O Brasil no varejo
A imprensa começa mais uma semana devendo aos leitores uma visão mais clara do que anda pela política nacional.
Nem mesmo as revistas semanais e as gordas edições domingueiras dos jornais conseguem estabelecer uma base para a formação de uma opinião sobre qualquer coisa. Fica difícil, por exemplo, saber o que anda por trás dos debates sobre a proposta de prorrogação da CPMF.
Para ter uma idéia aproximada dos interesses envolvidos na questão, seria preciso ler todos os grandes jornais, o que, claramente, não está ao alcance da maioria dos cidadãos habituados à leitura da imprensa.
No Estadão de hoje, um quadro simples conta muito sobre como o tributo acabou se transformando em uma bengala para as políticas sociais desde que foi criado, em 1993.

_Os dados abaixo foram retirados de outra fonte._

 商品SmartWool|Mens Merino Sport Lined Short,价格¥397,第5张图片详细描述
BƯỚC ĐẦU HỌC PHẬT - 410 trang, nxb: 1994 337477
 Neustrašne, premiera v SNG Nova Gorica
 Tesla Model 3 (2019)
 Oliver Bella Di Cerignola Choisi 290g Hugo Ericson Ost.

Poderia ter sido publicado há um mês.
Máquina inchada
Enquanto isso, outros assuntos importantes acabam se perdendo no meio do noticiário fragmentado, como, por exemplo, a questão do tamanho e da organização da máquina pública no Brasil.
A Folha de S.Paulo traz hoje uma reportagem mostrando como os Ministérios ignoram o decreto que impõe limite para a nomeação de funcionários sem concurso.

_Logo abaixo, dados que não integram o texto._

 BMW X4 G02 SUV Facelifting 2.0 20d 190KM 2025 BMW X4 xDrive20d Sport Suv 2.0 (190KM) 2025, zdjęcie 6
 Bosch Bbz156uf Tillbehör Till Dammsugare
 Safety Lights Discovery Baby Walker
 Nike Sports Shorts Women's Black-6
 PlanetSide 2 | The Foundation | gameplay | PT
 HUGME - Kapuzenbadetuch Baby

O jornal insinua que pode estar havendo loteamento político de cargos na administração federal, mas não ajuda o leitor a entender como isso pode estar relacionado às negociações para aprovar a prorrogação da CPMF.
Também está na Folha uma história que beira o absurdo: a Companhia Hidrelétrica do São Francisco aprovou em outubro 316 mil candidatos em concurso público e não tem nenhuma vaga disponível.
Os aprovados vão fazer parte de um ‘cadastro de reserva’, mas não existe nenhuma possibilidade de que pelo menos 1% deles sejam contratados.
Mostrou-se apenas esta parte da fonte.